Dataset content section start
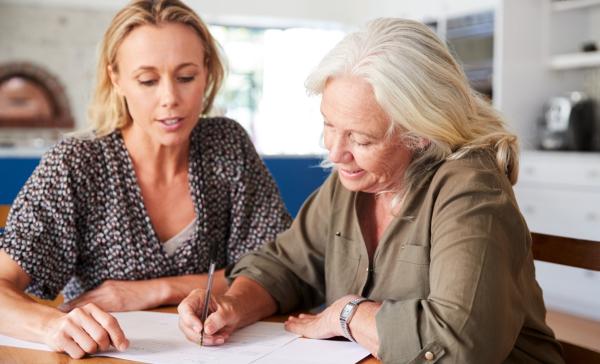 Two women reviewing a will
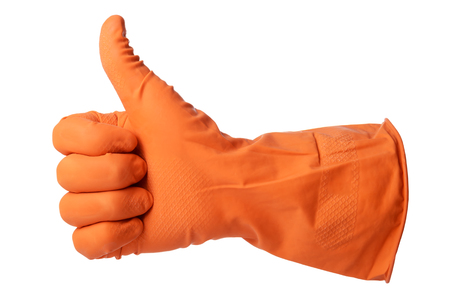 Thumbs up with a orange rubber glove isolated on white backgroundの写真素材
Dataset content section end
Dataset content section start
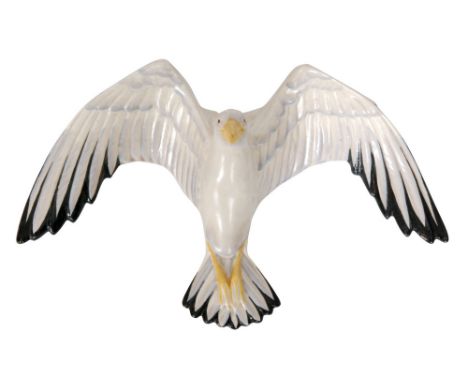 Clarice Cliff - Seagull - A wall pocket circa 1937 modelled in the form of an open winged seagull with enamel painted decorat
Dataset content section end
Dataset content section start
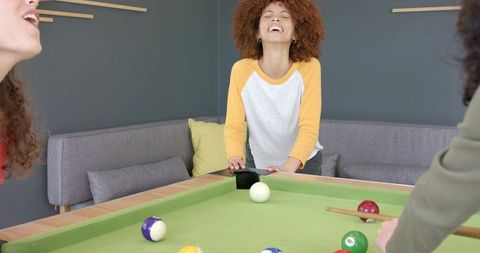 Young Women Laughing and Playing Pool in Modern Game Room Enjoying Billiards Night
Dataset content section end
**Problem statement:**
Exact copy, no pictures. Write out the lines in the entries above, starting with the line with "Two women reviewing a will" and going on through the line with "Thumbs up with", keeping both.

**Solved exercise:**
 Two women reviewing a will
 Thumbs up with a orange rubber glove isolated on white backgroundの写真素材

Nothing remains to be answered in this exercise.